Jan. 22nd, 2016

hrj: (doll)
This is a delightfully informative and madcap graphic biography (sort-of) of Ada Lovelace and her relationship with proto-computer inventor Charles Babbage and his research. I found it reminiscent of such genre-fracturing works as Larry Gonick’s The Cartoon History of… series or Scott McCloud’s Understanding Comics in the way it simultaneously uses and subverts the conventions of graphic storytelling to bridge the worlds of education and entertainment. (No doubt there are many other works that do similar things, but I don't actually follow graphic novels much, so these are the ones I thought of.)

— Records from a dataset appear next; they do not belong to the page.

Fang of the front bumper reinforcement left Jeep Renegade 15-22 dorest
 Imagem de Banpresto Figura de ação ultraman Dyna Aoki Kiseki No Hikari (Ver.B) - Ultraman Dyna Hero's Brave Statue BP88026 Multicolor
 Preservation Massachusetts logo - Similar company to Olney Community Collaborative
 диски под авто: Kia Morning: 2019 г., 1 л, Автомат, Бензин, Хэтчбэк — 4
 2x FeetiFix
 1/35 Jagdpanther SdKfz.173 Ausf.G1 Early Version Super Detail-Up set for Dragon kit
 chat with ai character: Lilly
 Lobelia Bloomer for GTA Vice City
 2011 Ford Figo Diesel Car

It begins as a straightforward biography of Augusta Ada King, Countess Lovelace, daughter of the mad poet Lord Byron, and very arguably the first computer programmer. The visual storytelling is expanded by the use of footnotes (which often interact amusingly with the other graphic elements) and extensive endnotes that expand on technical points, or issues and personages contemporary to the main themes. (I read it in iBooks format and the e-text has been set up to allow easy movement between the main panels, the endnotes, and large-text versions of both foot- and endnotes.)

But the author, having to her dismay hit the limits of pure biography, due to Lovelace’s tragically short life and Babbage’s failure to actually realize any of his amazing inventions, plunges on sideways into an alternate steampunk universe in which Lovelace and Babbage actually build the analytical engine and use it to…wait for it…fight crime! (And other adventurous pursuits.) Here the story explodes into a mash-up of actual history, deranged tour through the political and literary landscape of mid-19th century Britain, and technical manual.

I loved how the story returned to the essentials of steampunk as a genre (as opposed to an artistic aesthetic) in highlighting the exploits of larger-than-life 19th century figures whose dreams and inventive imaginations outstripped the technology of the day. It does not, however, ignore the aesthetic side of steampunk, and aficionados will find all their favorite goggles, Rube-Goldbergian technology, and dashing women in gender-bending historic clothing.

Whether you read the central graphic story purely as entertainment, or delve deeply enough into the technical appendices to understand just how Babbage’s engine was intended to work (and the reasons why it was unlikely to have done so), or split the difference by meditating on the ways in which a brilliant mind like Lovelace’s was betrayed and undermined by the age she lived in, this is a book I recommend in the strongest terms.